# Yesterday....



## Beanflip (Sep 11, 2010)

...for the "Gamekeeper catapult shot of the month".


----------



## Grandpa Grumpy (Apr 21, 2013)

Nice shooting Mike! It was interesting to watch you make the slingshot on Periscope, especially the wrap and tuck with the little slots.


----------



## Beanflip (Sep 11, 2010)

Grandpa Grumpy said:


> Nice shooting Mike! It was interesting to watch you make the slingshot on Periscope, especially the wrap and tuck with the little slots.


Great! Glad you joined me. What's your Periscope name?
The slot modification is as I said.. a great tip from Tex Shooter!


----------



## treefork (Feb 1, 2010)

Probably the most satisfying shot . Nice shooting Bean !


----------



## Beanflip (Sep 11, 2010)

treefork said:


> Probably the most satisfying shot . Nice shooting Bean !

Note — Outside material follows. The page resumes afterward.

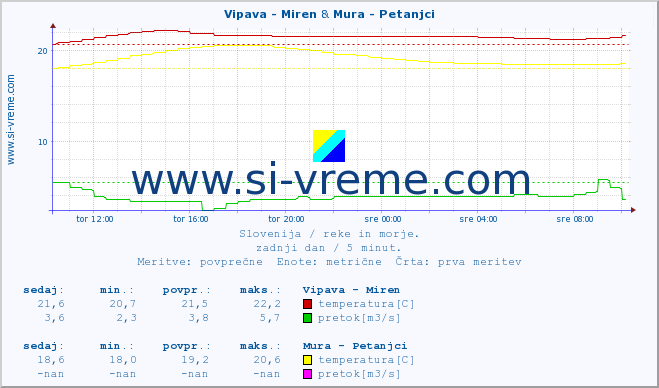 POVPREČJE :: Vipava - Miren & Mura - Petanjci :: temperatura | pretok | višina :: zadnji dan / 5 minut.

It lights a fire in more ways than one! 
Always more excited about shooting after a light!


----------



## Grandpa Grumpy (Apr 21, 2013)

Periscope name is Greg26


----------



## Chuck Daehler (Mar 17, 2015)

Geez! More than just "pretty good"..you are too modest. Lemme just say this, you are REAL pretty good!


----------



## Beanflip (Sep 11, 2010)

Grandpa Grumpy said:


> Periscope name is Greg26


Thumbs up!


----------



## Can-Opener (May 11, 2013)

Way to go Bean!


----------



## oldmiser (Jan 22, 2014)

nice shooting.."let there be fire"..cute little shooter...

OM.


----------



## Charles (Aug 26, 2010)

Very nicely done, Bean!

Cheers ..... Charles


----------



## alfshooter (May 11, 2011)

:thumbsup:


----------



## Volp (Aug 25, 2014)

we have "fire"!!

Great shooting man!

Volp


----------



## fsa46 (Jul 8, 2012)

Bean, you could shoot a " wishbone " if you strung one up. WTG

With Thanksgiving around the corner....stay tuned.


----------



## Kalevala (Jul 20, 2014)

Really nice shooting :thumbsup:

Looks almost like the first shot was a miss on purpose so it wouldn't look too easy.


----------